As in most jurisdictions, in Mozambique competition law infringements may be subject to severe penalties. Undertakings may be subject to fines of up to 5 per cent of their annual turnover if they are found to have entered in a restrictive agreement or other restrictive practices (such as abuse of dominance or of economic dependence), or to have breached the obligation of prior notification of a concentration. As bizarre as it may seem, the fine in the latter case may be lower than the actual filing fee.

Undertakings are further liable to fines of up to 1 per cent of their annual turnover if they refuse to cooperate with or provide information to the MCA, or are found to have provided false, inaccurate or incomplete information. Likewise, failure to notify a concentration within seven business days of its completion is also punishable with a fine of up to 1 per cent of the turnover of the parties involved.

While the Competition Act explicitly sets out the criteria that must be complied with for the determination of the amount of a fine, once operational the MCA is further due to publish more specific guidelines.

Moreover, should the MCA conclude that the infringement is of particular severity, it may also apply ancillary penalties, including the publication of the penalty in the national gazette and in one of the newspapers with the highest circulation in the relevant geographic area (national, regional, or local) and impose restrictions on participating in public tenders for up to five years. More striking, however, is the fact that the MCA is entitled to impose the spin-off of an undertaking, the transfer of shareholder control, the sale of assets, a winding-down of activities or to take any other act or measure which it deems necessary to eliminate harmful effects on competition.

The Competition Act further allows the MCA to impose periodic penalty payments on undertakings of up to 5 per cent of their average daily turnover. Such measure shall only be applied if objectively necessary and in cases where an undertaking (i) fails to comply with a decision imposing either sanctions or the adoption of specific measures; or (ii) does not respond, or responds with false statements, to an MCA’s request for information during a merger control proceeding.

It should be noted that the MCA’s decisions are enforceable titles. Accordingly, should an undertaking fail to comply with the decision within the deadline set, the MCA will be free to require the decision’s enforcement before the Tax Enforcement Court.

Judicial review

Pursuant to article 45 of its Statutes, the decisions of the MCA are subject to judicial review. Decisions including the application of fines or other sanctions may be appealed to the Judicial Court of the City of Maputo. Decisions concerning merger control or exemptions can be appealed to the Administrative Court.

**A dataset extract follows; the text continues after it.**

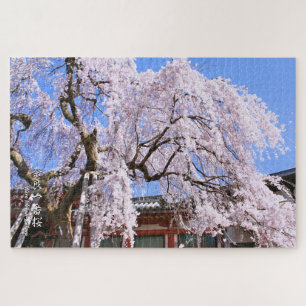 Puzzle Árbol de cerezo de llanto ("Nara Ichiban-Zakura")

It must be stressed that while the appeal against decisions of the MCA generally suspends the effects of the decision, the appeal against decisions imposing fines does not. In such cases, the addressee of the decision can request the court to suspend the effect of the decision but has to prove that the implementation of the decision would cause serious damage. The appellant will in any case be required to provide a guarantee.

Conclusions

At the moment, a significant degree of uncertainty surrounds the application of competition rules in Mozambique due to both the novelty of the legislation and the question marks around the establishment of the MCA. The wording of both the Competition Act and the Regulation on certain aspects adds further uncertainty.

Accordingly, the most advisable approach for undertakings operating in Mozambique is to carry out thorough self-assessment exercises in regard to their commercial practices and to judiciously analyse future steps with an impact on competition.